Sadece takvimde duran bir gün değil; kalbimin içinde açılan sessiz bir yas bahçesiydi.
Kadın yüreği, kaybı erkek gibi yaşamaz.
Biz ağlamayız yalnızca, toprağı avuçlar, kokusunu içimize çeker, “Gitme” deriz sessizce.
Oysa o gidiş, gitmek değildi.
O, “Ben artık her evladın kalbine sığacağım” diyerek gitti.
Bir kadının gözünden bakınca Atatürk, bir komutandan çok bir doğurandır aslında.
Cumhuriyeti doğurmuştur.
Cehaleti sancılarla, önyargıyı terle, umudu kanla yoğurmuştur.
Ve sonra o çocuğu –Cumhuriyet’i– ellerimize bırakmıştır.
“Emanetim size,” dememiştir sadece, “Sizden doğacak her kız çocuğuna, her oğlana, bir özgürlük tohumu ekin,” demiştir aslında.
Ben o tohumu taşıyan milyonlarca kadından biriyim.
Kızımın adını söylerken, onun kurduğu sınıflarda okuyan çocukların gözlerinde onu görürüm.
Sabahları okula giderken, saçlarını ördüğüm her çocuğun örgüsünde, o mavi gözlü adamın düşleri vardır.
Bugün, 10 Kasım.
Bir kadın olarak değil, bir ana olarak söylüyorum:
Bizim yasımız bitmez.
Çünkü bizim yasımız, yas değil; minnettarlığın sessiz bir duasıdır.
Her yıl bu saatte, kalbim durur birkaç saniyeliğine.
Sirenler çalarken gözlerimi kapatırım; gözlerimin önüne bir Anadolu kadını gelir.
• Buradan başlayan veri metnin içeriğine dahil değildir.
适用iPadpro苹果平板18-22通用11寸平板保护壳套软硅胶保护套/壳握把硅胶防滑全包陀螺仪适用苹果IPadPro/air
Sırtında mermi, kucağında bebek…
Bir elinde kağnı, bir elinde vatan…
Ve o kadının alnında bir el dokunuşu vardır: Mustafa Kemal’in eli.
O dokunuş hâlâ sürüyor.
O yüzden hiçbir millet, bizim kadar “anne kokan bir cumhuriyete” sahip değildir.
Çünkü biz, bir kadının rahminden değil, bir liderin vicdanından doğduk.
Bugün saat dokuzu beş geçe, tüm dünya sessizliğe büründüğünde ben şunu hissediyorum:
O, gitmedi.
O, kadınların ellerinde, çocukların sesinde, umutla yoğrulan her sabahın rahminde yeniden doğuyor.
Ve ben inanıyorum:
Bir gün, onun kurduğu ülke yeniden onun düşlediği ışığa kavuşacak.
Çünkü bir anne, evladını asla yarı yolda bırakmaz.